Notizia | | 21/10/2021 | Tempo di lettura: ±3 minuti

I turisti con un visto valido possono recarsi in Kenya. Ma la situazione attuale nel Paese è abbastanza sicura?

Coronavirus in Kenya: i dati

Rispetto ad altri Paesi, il Kenya è stato colpito meno duramente dal coronavirus. Al momento (29-10-2021) il Paese conta 253ʼ018 contagi in totale e 5ʼ270 decessi a causa del Covid-19. In Italia, si registrano 4,76 milioni di contagi e 132ʼ004 decessi. Ultimamente, il numero di positivi ha cominciato a calare. A inizio settembre si contavano più di 900 nuovi contagi al giorno, il 7 ottobre erano scesi a solo 218. In totale, al 20 ottobre 2021, in Kenya erano state somministrate 4ʼ183ʼ552 vaccinazioni e 1ʼ047ʼ852 abitanti erano completamente vaccinati, ovvero circa lʼ1,9% della popolazione totale.

Qual è il parere del governo italiano?

Gli spostamenti dall’Italia verso il Kenya sono consentiti solo in presenza di precise motivazioni (lavoro, motivi di salute o di studio, assoluta urgenza, rientro preso il domicilio, l’abitazione o la residenza propri o di persona, anche non convivente, con cui vi sia una relazione affettiva stabile e comprovata. Non sono quindi consentiti spostamenti per turismo verso il Kenya.

Inoltre, alcuni territori del Kenya sono ad alto rischio di attentati terroristici, in particolari i distretti di Garissa, Wajir e Mandera, fatta eccezione per lʼaeroporto di Wajir. Si sconsiglia vivamente di recarsi nel distretto di Lamu e sullʼisola di Kiwayu.

È obbligatorio la vaccinazione contro il coronavirus?

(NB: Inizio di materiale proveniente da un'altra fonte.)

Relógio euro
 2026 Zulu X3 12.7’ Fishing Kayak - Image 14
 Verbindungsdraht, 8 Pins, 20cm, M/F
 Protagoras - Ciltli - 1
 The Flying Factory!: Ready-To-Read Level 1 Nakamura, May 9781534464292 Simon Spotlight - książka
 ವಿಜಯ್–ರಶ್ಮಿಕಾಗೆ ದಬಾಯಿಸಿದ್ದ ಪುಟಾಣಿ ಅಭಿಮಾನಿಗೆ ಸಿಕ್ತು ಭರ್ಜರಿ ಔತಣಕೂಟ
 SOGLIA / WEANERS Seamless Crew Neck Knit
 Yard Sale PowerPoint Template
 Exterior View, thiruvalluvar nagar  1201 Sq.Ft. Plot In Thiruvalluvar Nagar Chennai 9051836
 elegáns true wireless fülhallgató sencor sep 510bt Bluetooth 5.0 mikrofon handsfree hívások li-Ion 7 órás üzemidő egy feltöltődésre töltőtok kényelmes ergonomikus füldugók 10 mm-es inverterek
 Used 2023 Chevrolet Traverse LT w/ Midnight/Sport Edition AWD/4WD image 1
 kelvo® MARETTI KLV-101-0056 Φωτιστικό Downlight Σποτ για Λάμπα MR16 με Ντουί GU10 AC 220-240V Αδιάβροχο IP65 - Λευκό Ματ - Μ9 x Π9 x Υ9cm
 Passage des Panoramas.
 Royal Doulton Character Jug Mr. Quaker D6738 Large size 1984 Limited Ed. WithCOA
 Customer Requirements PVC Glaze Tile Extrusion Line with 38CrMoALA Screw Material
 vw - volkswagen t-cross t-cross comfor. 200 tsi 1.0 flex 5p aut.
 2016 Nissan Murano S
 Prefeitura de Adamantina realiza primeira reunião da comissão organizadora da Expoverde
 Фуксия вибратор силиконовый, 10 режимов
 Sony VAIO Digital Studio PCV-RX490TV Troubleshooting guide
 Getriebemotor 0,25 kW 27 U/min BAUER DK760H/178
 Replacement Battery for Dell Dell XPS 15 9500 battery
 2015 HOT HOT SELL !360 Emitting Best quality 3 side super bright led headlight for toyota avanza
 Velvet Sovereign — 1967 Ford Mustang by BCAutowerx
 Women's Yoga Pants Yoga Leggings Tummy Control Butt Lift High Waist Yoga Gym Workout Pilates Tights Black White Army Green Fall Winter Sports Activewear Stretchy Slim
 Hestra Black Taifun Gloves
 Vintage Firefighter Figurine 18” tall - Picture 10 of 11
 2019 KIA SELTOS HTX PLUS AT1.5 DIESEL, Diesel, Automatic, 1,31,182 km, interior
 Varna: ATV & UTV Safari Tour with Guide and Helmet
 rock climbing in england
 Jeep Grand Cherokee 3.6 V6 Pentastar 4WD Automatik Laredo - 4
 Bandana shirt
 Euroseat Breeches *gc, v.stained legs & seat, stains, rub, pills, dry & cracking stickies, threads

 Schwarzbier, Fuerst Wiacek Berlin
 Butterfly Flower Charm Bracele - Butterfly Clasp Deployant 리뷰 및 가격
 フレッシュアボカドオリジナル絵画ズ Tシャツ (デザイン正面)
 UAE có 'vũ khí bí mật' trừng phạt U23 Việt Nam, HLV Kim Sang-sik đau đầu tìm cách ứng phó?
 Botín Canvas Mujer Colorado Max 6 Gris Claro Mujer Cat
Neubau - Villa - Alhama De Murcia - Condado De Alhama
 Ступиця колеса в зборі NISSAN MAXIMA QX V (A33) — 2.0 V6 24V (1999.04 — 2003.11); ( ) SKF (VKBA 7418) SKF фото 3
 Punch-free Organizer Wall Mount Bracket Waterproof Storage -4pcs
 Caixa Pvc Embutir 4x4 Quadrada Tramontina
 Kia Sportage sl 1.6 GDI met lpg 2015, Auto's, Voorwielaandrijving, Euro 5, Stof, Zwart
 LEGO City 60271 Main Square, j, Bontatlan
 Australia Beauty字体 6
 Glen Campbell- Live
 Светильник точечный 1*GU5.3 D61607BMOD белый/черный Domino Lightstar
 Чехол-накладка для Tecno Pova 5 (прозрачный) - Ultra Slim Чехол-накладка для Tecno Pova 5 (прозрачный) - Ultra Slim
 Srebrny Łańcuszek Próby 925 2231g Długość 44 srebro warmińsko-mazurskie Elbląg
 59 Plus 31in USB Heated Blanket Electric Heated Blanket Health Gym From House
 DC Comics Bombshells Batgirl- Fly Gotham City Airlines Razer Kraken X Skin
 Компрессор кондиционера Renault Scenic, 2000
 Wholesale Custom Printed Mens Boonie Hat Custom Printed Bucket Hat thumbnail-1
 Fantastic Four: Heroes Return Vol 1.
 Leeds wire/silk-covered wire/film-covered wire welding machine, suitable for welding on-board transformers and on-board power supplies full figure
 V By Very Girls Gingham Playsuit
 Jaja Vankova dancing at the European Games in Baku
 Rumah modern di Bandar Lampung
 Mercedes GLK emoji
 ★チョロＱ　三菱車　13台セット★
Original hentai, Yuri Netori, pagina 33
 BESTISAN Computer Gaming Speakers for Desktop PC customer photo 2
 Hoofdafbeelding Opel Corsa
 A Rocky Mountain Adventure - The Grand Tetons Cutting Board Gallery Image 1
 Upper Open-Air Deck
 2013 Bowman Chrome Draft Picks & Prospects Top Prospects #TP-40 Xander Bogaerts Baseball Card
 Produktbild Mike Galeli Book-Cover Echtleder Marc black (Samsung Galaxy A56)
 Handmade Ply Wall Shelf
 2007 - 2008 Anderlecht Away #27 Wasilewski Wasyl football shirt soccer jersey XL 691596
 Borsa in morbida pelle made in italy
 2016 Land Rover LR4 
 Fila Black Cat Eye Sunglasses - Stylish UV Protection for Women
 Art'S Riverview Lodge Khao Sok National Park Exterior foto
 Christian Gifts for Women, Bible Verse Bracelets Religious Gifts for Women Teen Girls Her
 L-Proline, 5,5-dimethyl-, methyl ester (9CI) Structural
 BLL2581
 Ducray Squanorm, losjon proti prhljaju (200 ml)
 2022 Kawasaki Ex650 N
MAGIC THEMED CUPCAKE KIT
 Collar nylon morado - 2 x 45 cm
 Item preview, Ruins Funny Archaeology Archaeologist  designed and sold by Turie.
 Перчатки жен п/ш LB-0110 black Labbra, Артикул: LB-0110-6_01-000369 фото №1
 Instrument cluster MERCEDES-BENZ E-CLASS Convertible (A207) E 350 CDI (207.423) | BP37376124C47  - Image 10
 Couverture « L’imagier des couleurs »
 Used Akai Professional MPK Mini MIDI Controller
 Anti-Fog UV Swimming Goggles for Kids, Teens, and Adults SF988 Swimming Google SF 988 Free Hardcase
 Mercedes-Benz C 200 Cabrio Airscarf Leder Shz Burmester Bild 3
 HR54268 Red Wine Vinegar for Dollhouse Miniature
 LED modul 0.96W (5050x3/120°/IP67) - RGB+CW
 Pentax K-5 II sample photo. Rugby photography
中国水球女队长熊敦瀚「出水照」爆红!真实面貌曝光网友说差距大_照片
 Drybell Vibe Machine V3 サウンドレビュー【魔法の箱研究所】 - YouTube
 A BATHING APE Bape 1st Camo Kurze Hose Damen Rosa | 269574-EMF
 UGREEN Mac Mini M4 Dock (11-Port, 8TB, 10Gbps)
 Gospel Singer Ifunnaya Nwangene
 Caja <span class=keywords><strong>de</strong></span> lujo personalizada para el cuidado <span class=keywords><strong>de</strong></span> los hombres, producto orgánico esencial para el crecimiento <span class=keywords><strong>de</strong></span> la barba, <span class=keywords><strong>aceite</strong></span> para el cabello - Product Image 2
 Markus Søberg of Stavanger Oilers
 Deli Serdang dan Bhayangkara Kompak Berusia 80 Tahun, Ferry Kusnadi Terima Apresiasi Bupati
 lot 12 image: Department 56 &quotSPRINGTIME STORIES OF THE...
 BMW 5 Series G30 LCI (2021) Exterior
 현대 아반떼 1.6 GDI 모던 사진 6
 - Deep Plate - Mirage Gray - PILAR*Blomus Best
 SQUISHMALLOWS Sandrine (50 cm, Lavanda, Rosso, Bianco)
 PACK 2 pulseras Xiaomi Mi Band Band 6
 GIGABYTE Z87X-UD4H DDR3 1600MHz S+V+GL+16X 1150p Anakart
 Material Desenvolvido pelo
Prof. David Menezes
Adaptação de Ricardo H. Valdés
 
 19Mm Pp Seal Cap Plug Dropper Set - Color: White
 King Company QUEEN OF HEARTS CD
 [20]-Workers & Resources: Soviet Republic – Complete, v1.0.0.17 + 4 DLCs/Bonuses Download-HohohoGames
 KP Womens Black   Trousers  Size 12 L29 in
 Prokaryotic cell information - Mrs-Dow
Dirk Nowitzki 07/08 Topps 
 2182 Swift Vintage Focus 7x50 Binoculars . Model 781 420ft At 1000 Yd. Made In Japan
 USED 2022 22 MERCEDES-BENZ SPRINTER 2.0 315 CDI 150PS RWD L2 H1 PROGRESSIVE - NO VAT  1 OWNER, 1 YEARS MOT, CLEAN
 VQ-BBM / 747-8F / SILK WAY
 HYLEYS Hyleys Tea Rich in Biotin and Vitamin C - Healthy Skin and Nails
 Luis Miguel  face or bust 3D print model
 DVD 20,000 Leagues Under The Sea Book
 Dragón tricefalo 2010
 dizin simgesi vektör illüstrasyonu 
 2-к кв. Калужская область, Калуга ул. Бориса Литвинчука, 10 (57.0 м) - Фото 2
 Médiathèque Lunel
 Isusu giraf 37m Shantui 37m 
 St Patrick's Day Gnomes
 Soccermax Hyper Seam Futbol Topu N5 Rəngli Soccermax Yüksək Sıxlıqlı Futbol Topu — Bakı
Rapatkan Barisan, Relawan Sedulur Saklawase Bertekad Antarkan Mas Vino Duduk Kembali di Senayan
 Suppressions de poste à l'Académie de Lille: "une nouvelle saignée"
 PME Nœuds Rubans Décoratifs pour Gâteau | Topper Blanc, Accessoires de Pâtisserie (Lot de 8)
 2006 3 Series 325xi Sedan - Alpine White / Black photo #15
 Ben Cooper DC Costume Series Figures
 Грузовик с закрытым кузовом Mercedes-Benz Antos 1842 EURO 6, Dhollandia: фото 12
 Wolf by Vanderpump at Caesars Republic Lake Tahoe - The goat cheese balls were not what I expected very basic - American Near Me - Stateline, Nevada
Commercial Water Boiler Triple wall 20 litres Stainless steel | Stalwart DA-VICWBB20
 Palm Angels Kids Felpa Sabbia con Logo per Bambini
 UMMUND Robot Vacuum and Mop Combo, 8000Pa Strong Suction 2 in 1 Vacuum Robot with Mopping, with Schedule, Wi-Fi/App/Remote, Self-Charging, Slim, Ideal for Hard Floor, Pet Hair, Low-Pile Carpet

Diversamente da Paesi come il Canada o gli Stati Uniti, il Kenya non ha introdotto lʼobbligo di vaccinazione per i viaggiatori in entrata. Ai viaggiatori non occorre essere completamente vaccinati per accedere al Paese. Tuttavia, la vaccinazione è fortemente raccomandata, poiché, nonostante, il calo dei contagi il rischio di infezione rimane elevato. Per tornare in Italia, inoltre, dovrai prendere diverse precauzioni, ovvero compilare il formulario digitale di localizzazione, dimostrare di esserti sottoposto a test molecolare o antigenico nelle 72 ore precedenti lʼarrivo in Italia, comunicare la tua presenza allʼASL competente e sottoporti a un isolamento fiduciario di 10 giorni al termine del quale dovrai effettuare un ulteriore test.

Misure anti-covid in Kenya

Il Kenya ha preso diverse misure per tutelare la sicurezza della popolazione nazionale e dei viaggiatori in entrata. Tutti i viaggiatori diretti in Kenya, per esempio, devono essere in possesso dellʼesito negativo di un test Covid risalente a massimo 96 ore prima della partenza. La tua temperatura corporea allʼarrivo non deve superare 37,5°C. Per viaggiare occorre anche compilare il ‘Travellers Health Surveillance Form’ sul sito del Dipartimento keniota per lʼimmigrazione. Dopo aver compilato il questionario, si riceve un codice QR da esibire allʼarrivo nel Paese. I viaggiatori italiani negativi al Covid-19 non dovranno sottoporsi a una quarantena allʼarrivo, mentre in caso di positività è obbligatoria una quarantena di 14 giorni.

Vengono applicate regole specifiche anche per chi abbandona il Kenya, che deve caricare lʼesito di un test Covid-19 sullʼapposito portale, il sistema Trusted Travel. Si riceve così un codice da conservare e da mostrare alle autorità keniote prima della partenza.

In Kenya è obbligatorio portare la mascherina e mantenere un distanziamento sociale adeguato.

Obbligo di visto

Oltre alle regole relative al coronavirus, i viaggiatori italiani devono considerare che il visto per il Kenya è obbligatorio. Per accedere al Paese occorre quindi richiedere un visto Kenya. Allʼinizio del 2021, il Kenya ha abolito tutti i tipi di visto fisico. Oggi è possibile richiedere un visto Kenya esclusivamente online. Il visto Kenya online è valido per 3 mesi e permette di soggiornare nel Paese fino a un massimo di 90 giorni. La permanenza massima di 90 giorni decorre solamente a partire dal giorno del tuo arrivo effettivo in Kenya, anche nel caso in cui la data indicata sul modulo di richiesta era unʼaltra.